Volcanal: probably the same as the Area Volcani, an area adjacent to the Forum Romanum where there was an altar of Vulcan supposed to have been erected by Titus Tatius (Dion. Hal. 2.50.3; Varro Ling. 5.74). The Volcanal was distinctly higher than the forum (Dion. Hal. 2.50.2; A. Gellius 4.5.4) and the Comitium (Festus 370L), and in the regal period and early republic the kings and magistrates transacted public business there (Dion. Hal. 2.50.2), and public assemblies were regularly held there (Dion. Hal. 6.67.2, Dion. Hal. 7.17.2, Dion. Hal. 11.39.1). The Volcanal was also big enough to include a bronze aedicula of Concordia, dedicated there in 304 B.C. All this taken together indicates that originally the Volcanal covered the lower slope of the Capitoline along the stair that extended the line of the Sacra Via up the hill, an area later covered by the Temple of Concordia. The Volcanal was large enough for rains of blood to be observed there (Livy 39.46.5, Livy 40.19.2) and for numerous dedications to have found place there.

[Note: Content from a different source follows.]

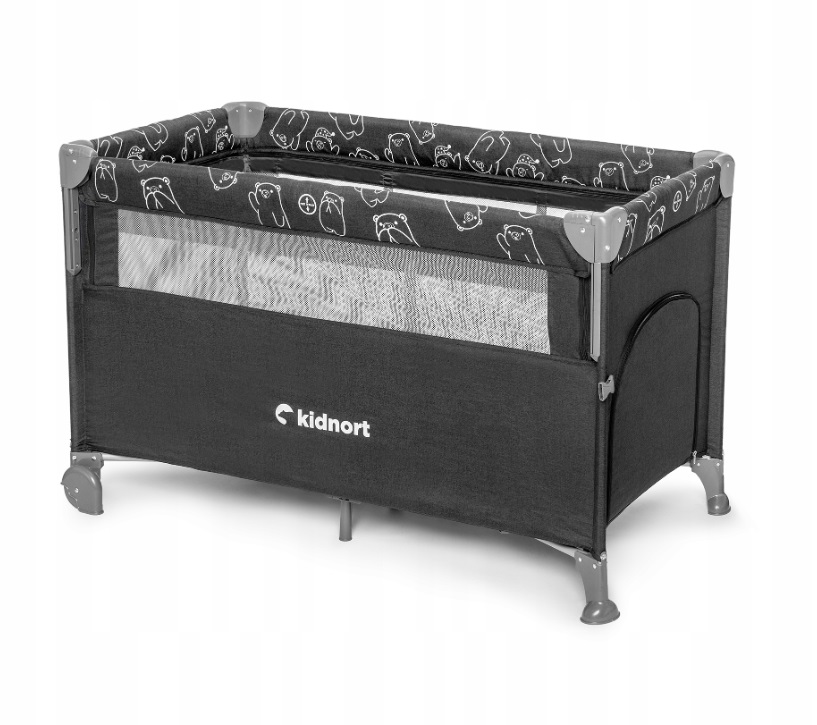 Patut pliabil 3in1 Kidnort cu saltea Dark Grey - imagine 5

The earliest of the dedications was a bronze quadriga supposed to have been offered by Romulus (Dion. Hal. 2.54.2). There was also a statue of Horatius Cocles, originally erected in the Comitium, but moved after lightning struck it (A. Gellius 4.5.1-4; Aur. Vict. De Vir. Ill. 11.2; Plutarch Poplic. 16.7), as well as a statue of a player killed in the circus that was mounted on a column over his grave (Festus 370L). There grew there a lotus tree and a cypress of great age, the former so big that its roots extended to the Forum Iulium (Pliny HN 16.236). A base dedicated to Vulcan by Augustus in 9 B.C. was found near the church of S. Adriano (CIL 6.457 = ILS 93). The cult must have existed until the time of Pliny, although the Area Volcani must by then have shrunk through erosion of its boundaries to a small plot immediately around the altar, perhaps in the area to one side of the stair of the Temple of Concordia. The latest public assembly we hear of there was one that Appius Claudius the decemvir called in 450 B.C., the last rain of blood one in 181 B.C. (Livy 40.19.2). The festival of Vulcan was the Volcanalia on 23 August, at which time he was worshiped here, together with Maia (Degrassi 500-501), and offerings of live fish were made on his altar (Festus 276L).